■ **PROBLEM TO WORK ON**: Word for word and without images, reproduce the listing that follows.

■ **DATA BELOW**:
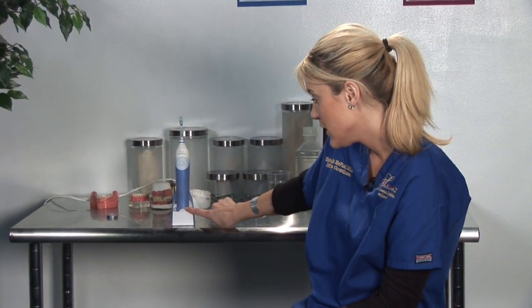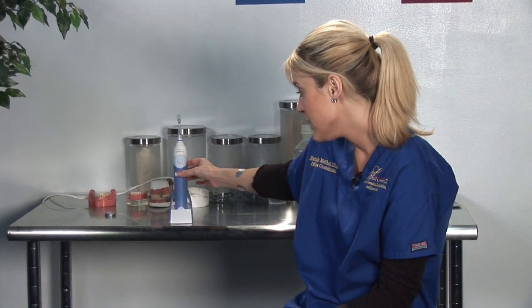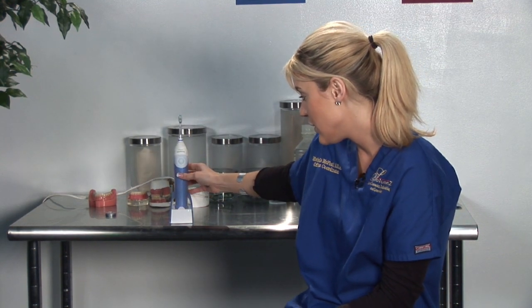You can tell by the green light at the bottom that it's actually charging. This is a sensor charger, so when it's off the charger it's not lit, and when you put it on, that's when it lights up — that's how you know it's charging. My name is Michelle, I'm a dental assistant with Solutions, and I just explained how a Sonicare toothbrush works.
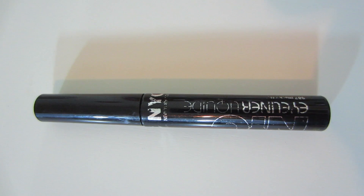For liquid liner I'm using this one from NYC, just making a thin line — that way it doesn't outdo the eyeshadow.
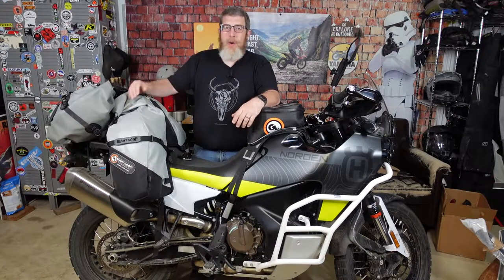Hello friends, Ben here for Giant Loop and today I want to introduce you to our Great Basin Rackless Saddlebag.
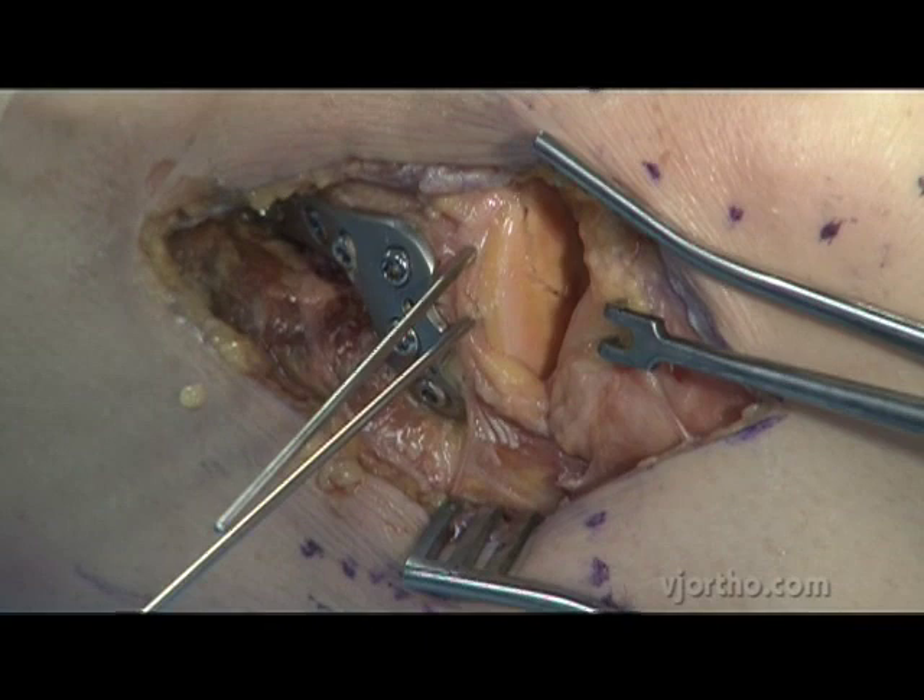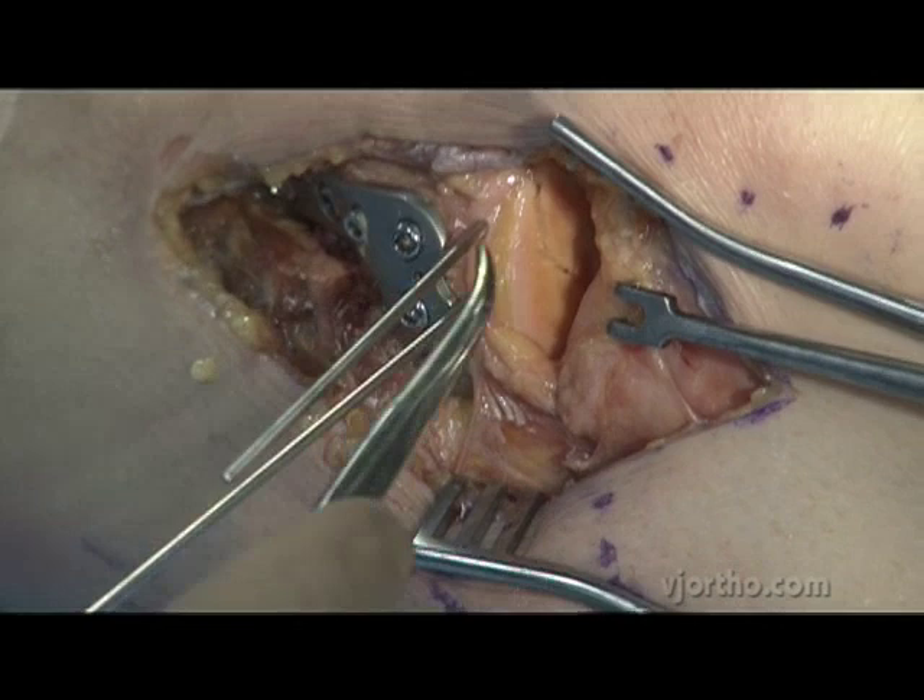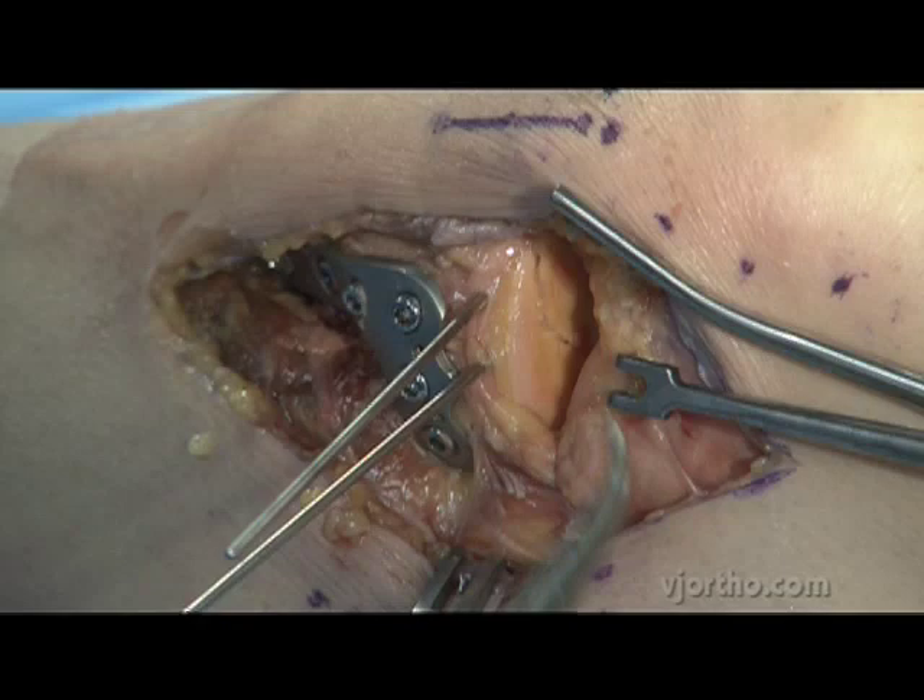The plate has now stabilized the metaphyseal region and restored the rim part of the fracture complex. The problem is that even though we fixed this, the metaphyseal piece could potentially still move.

■ **COMPLETED EXERCISE**:
You can tell by the green light at the bottom that it's actually charging. This is a sensor charger, so when it's off the charger it's not lit, and when you put it on, that's when it lights up — that's how you know it's charging. My name is Michelle, I'm a dental assistant with Solutions, and I just explained how a Sonicare toothbrush works.
For liquid liner I'm using this one from NYC, just making a thin line — that way it doesn't outdo the eyeshadow.
Hello friends, Ben here for Giant Loop and today I want to introduce you to our Great Basin Rackless Saddlebag.
The plate has now stabilized the metaphyseal region and restored the rim part of the fracture complex. The problem is that even though we fixed this, the metaphyseal piece could potentially still move.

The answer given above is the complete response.